Transcribed form a clipping from the Christian Science Monitor, Women Today Section, 8/29/1949, by David W. Brown 7/25/2009.
The article was accompanied by a photograph of Miss Mullikin taken by a Christian Science Monitor staff photographer. (note: the correct spelling of her last name is Mullikin)
"American Artist ‘Painted’ Way in China
African Village Life, Too, Depicted by Miss Millikin (should be Mullikin)
by Jessee Ash Arndt
Women’s Editor of the Christian Science Monitor
To most artists, the opportunity to spend two years in Nairobi, Kenya Colony, East Africa and paint there, would seem a priceless adventure. To Miss Augusta Millikin (Mullikin), who has just returned, it was but one of many she has had in the past 30 years.
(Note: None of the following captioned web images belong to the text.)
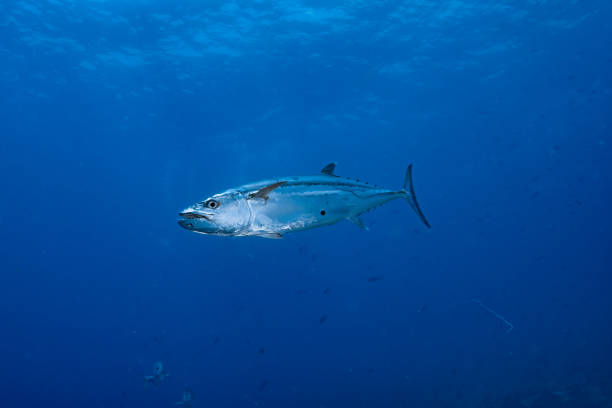 istock Dogtooth Tuna Gymnosarda unicolor 1489396686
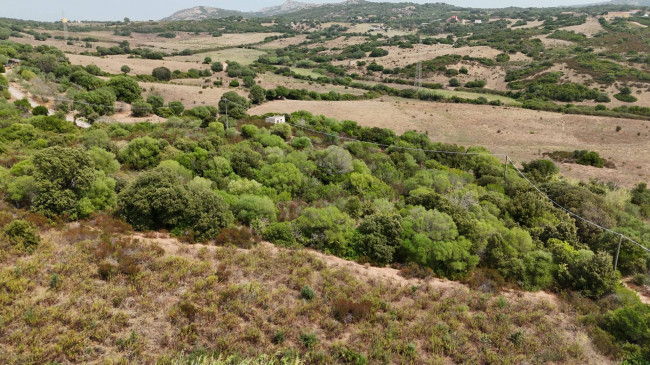 Terreno Agricolo in vendita a Arzachena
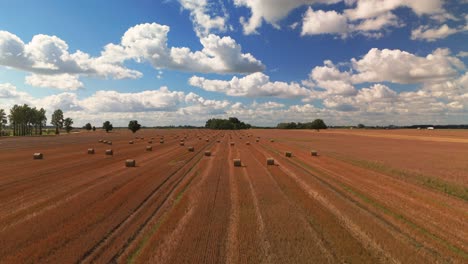 a wide aerial view of a harvested field with neatly arranged hay bales under a bright blue sky filled with fluffy clouds. ideal for themes related to agriculture, harvest season, and rural landscapes.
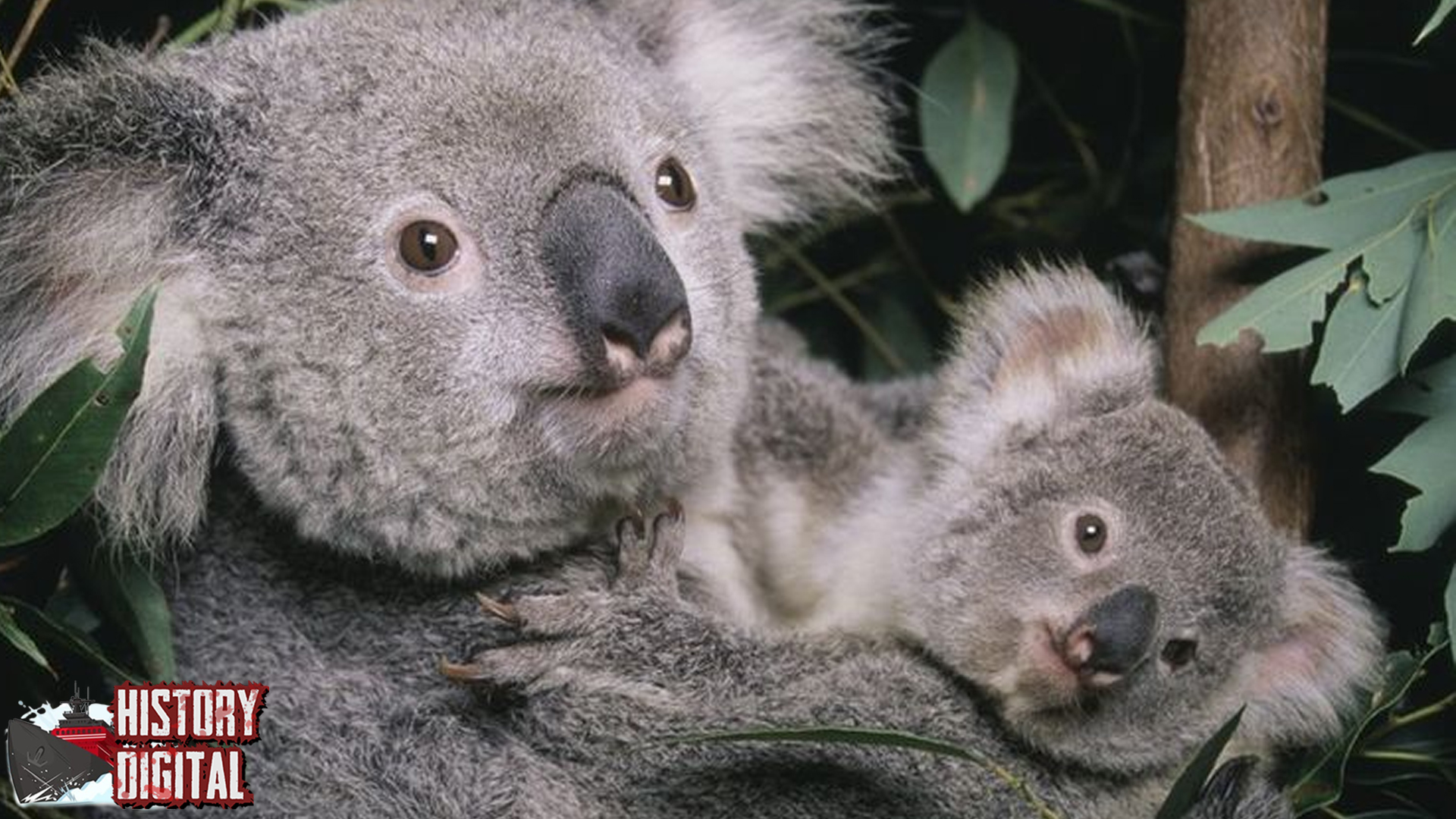 Mengenal Sejarah Koala, Si Pemalas yang Bikin Gemas!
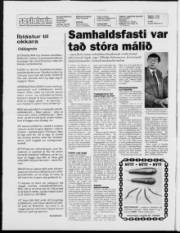 Síða 2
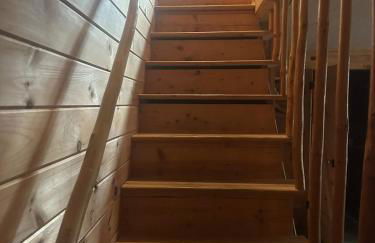 Bearly Behavin - Foto 33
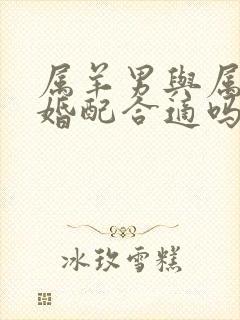 属羊男与属马女婚配合适吗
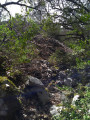 le terril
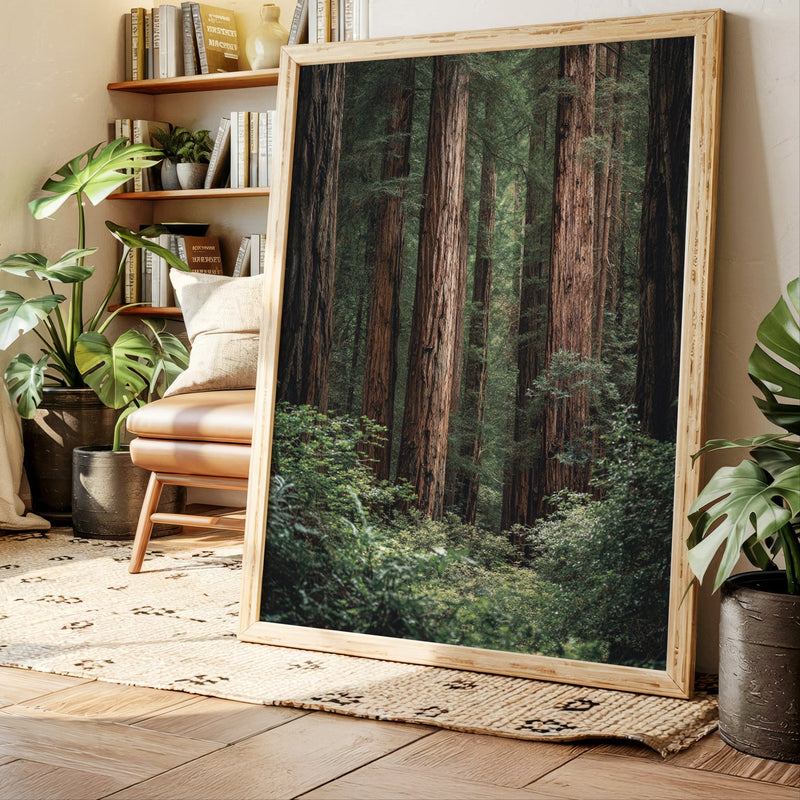 Beneath Ancient Canopy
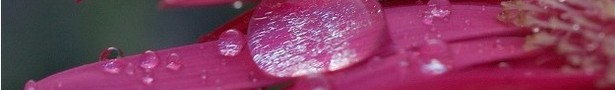 Download-free-desktop-wallpaper-macro-nature-flower-picture-cesar-r-picture_show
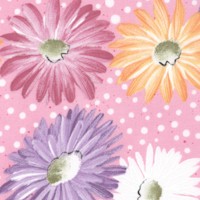 Daisies - Daisy Cluster on Polka Dotted Pink by Donna Dewberry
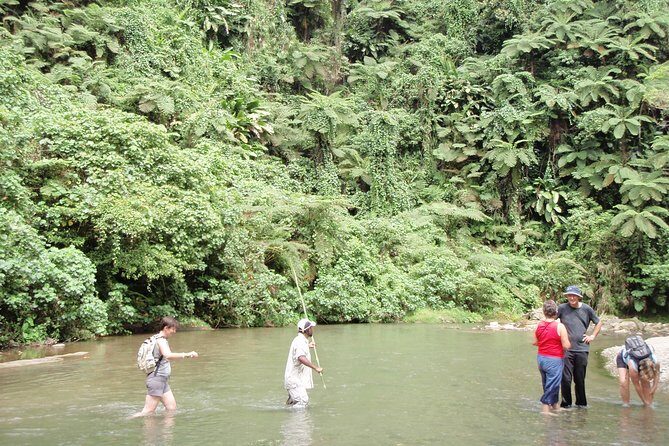 Discovery Bush Walk from Port Vila - Who Will Love This Tour?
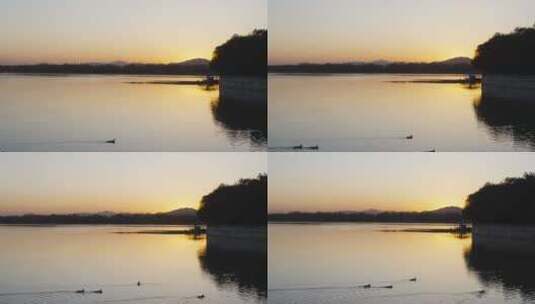 颐和园昆明湖鸭子游过湖面夕阳晚霞高清在线视频素材下载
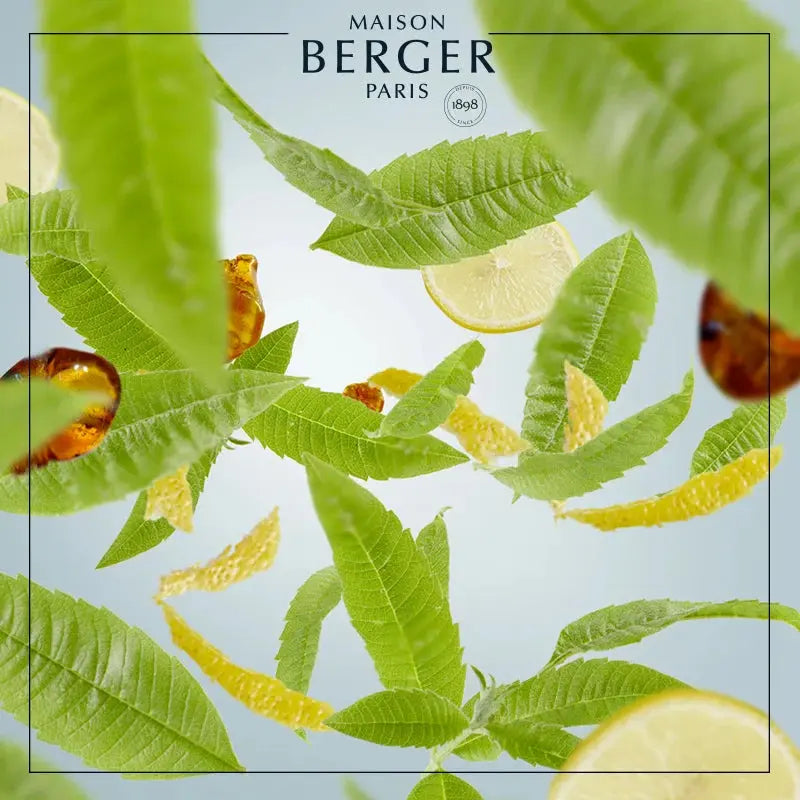 Maison Berger Savory Tangerine, Zest of Green Orange & Radiant Bergamot Refill 3 Pack Maison Berger Paris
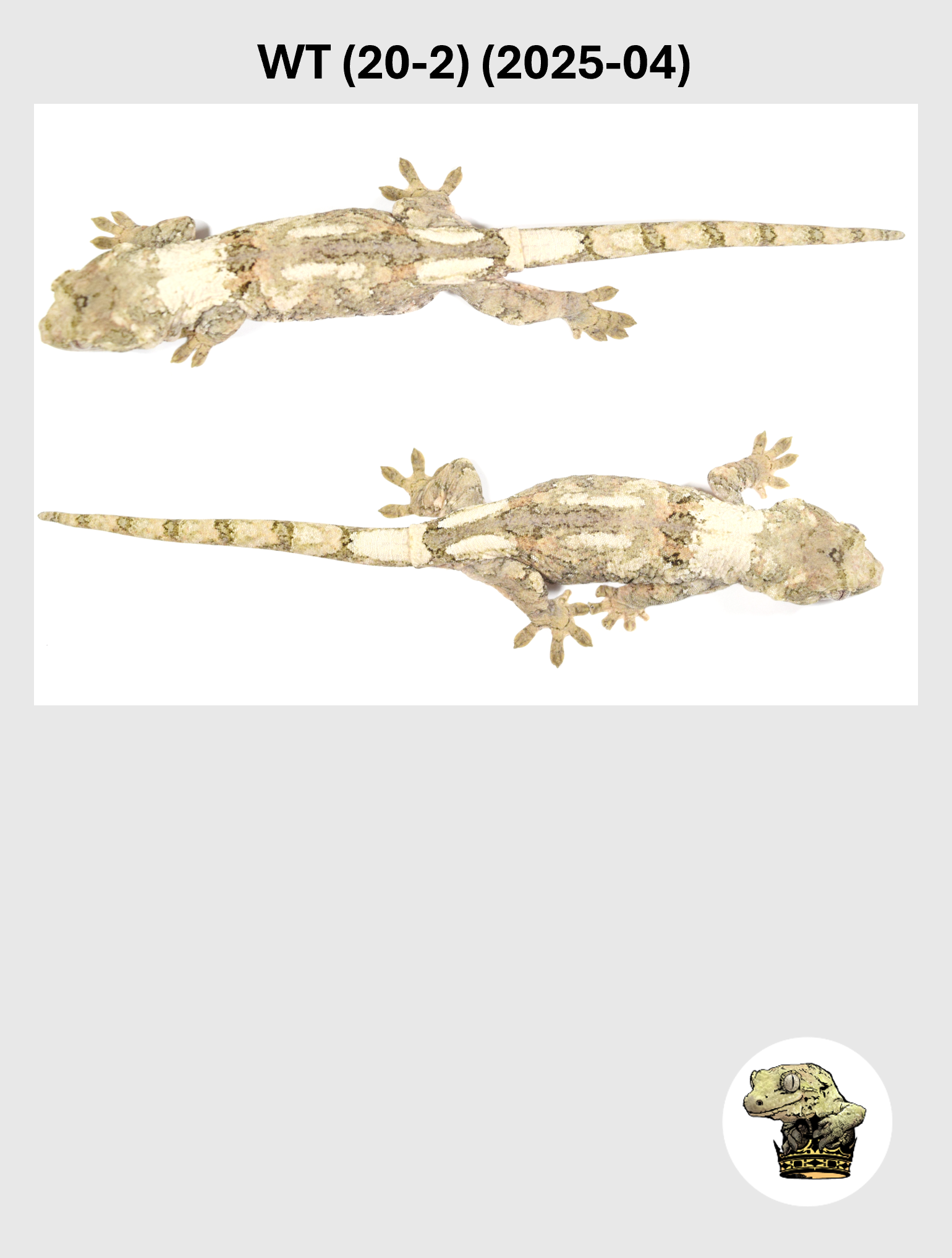 WT (20-2) (2025-04) (2026-03-25) (5) SQSP.png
It was not in the search for adventure, however, that she left Boston for a six months visit to China in 1920. It was a desire to see her sister, whose husband, Edward K. Lowry, was in the export-import business in Tientsin, that took her there.
She found the country practically a paradise for a painter, because if offered such a variety of unusual subjects. So she stayed on for many years. Finally she was obliged to remain -- as were her sister and brother-in-law -- after the Japanese occupation. Then what painting she did was part of the struggle to survive.
Paintings Reach America
Just a month before Pearl Harbor, her niece, Mrs. Robert M. Taylor, and Mr. Taylor, who is in the United States consular service, were returning from China to the States, and brought with them a number of her pictures. Others, which she managed to keep despite the hardships of the Japanese occupation, have finally reached America safely also.
Among those brought over by them, was a group of pictures showing the earliest Buddhist sculpture of the Yun Kang caves. An exhibition, which included these was held at the Corcoran Gallery in Washington, and the Philadelphia Academy, and the pictures were used to illustrate an article which appeared in the National Geographic Magazine. These were also published in The Studio, in London.
Miss Millikin and the Lowrys meantime were living in Tientsin. Because neither Mr. nor Mrs. Lowry was in good health, the three were allowed to remain in their home instead of being sent to a concentration camp, buty they received no ration cards.
Painted Chinese Portraits
This meant that they had no way of obtaining food except through the generosity of friends or on the black market. Miss Millikin (Mullikin) gave painting lessons, painted portraits for Chinese families from photographs of honored ancestors, and sold various belongings which would bring in needed funds.
Mr. and Mrs. Lowry passed on during this period and then she took into her home a British family who had been turned out of theirs. After a year the Japanese demanded that they leave this house, too, and Miss Millikin (Mullikin) then found refuge with another British family who still had a place of residence.
Chinese friends and friends there who were nationals of neutral countries showed great kindness during the trying years, she says, and without their help it would have seemed impossible to survive.
Returned to England
It was long weeks after the liberation before arrangements were finally made to return the British residents of Tientsin to England and Miss Millikin (Mullikin) had permission to leave at the same time. American Marines escorted the party of nearly 1200, protecting them from possible bandit attacks, from Tientsin to the North China port of Chin Wang Tao. They boarded a ship of normal 150-passenger capacity for the six and a half weeks passage to Southhampton.
Miss Millikin (Mullikin) was not in one of the ship’s dormitories, but in a cabin. However, it was a cabin which normally would have accommodated about four and there were 14 in it, nine of whom were children.
But after three and a half years, what were a few weeks of such discomfort? She was safely on her way to here niece and nephew at the United States Embassy in Paris. From there, she returned with them to the United States two years ago for a visit during his furlough, and then set off for Africa, where he served as consul general. He is now located in Washington, so Miss Millikin (Mullikin) is again making her home in America.
Village Life in Nairobi
While in Nairobi, she added to her collection of some 200 paintings done in China, interesting pictures of native African villages, and a few of the natives themselves. Because of their primitive superstitions about having their pictures made, she could not do many of the native people, she says. It was hard to persuade them to pose.
Although she had ample opportunity to see wild animals of that area, she did not paint them.
“We could look out at breakfast,” she related, “and see a whole family of baboons going along the fence making straight for our garden.” Just 13 miles away was the famous game preserve and they often drove over there to see the animals. Eight lions were the most she ever saw at one time, she recalled.
As her heavy baggage has only just arrived, Miss Millikin (Mullikin) has not had access to all her paintings and no exhibition of her most recent ones has yet been planned."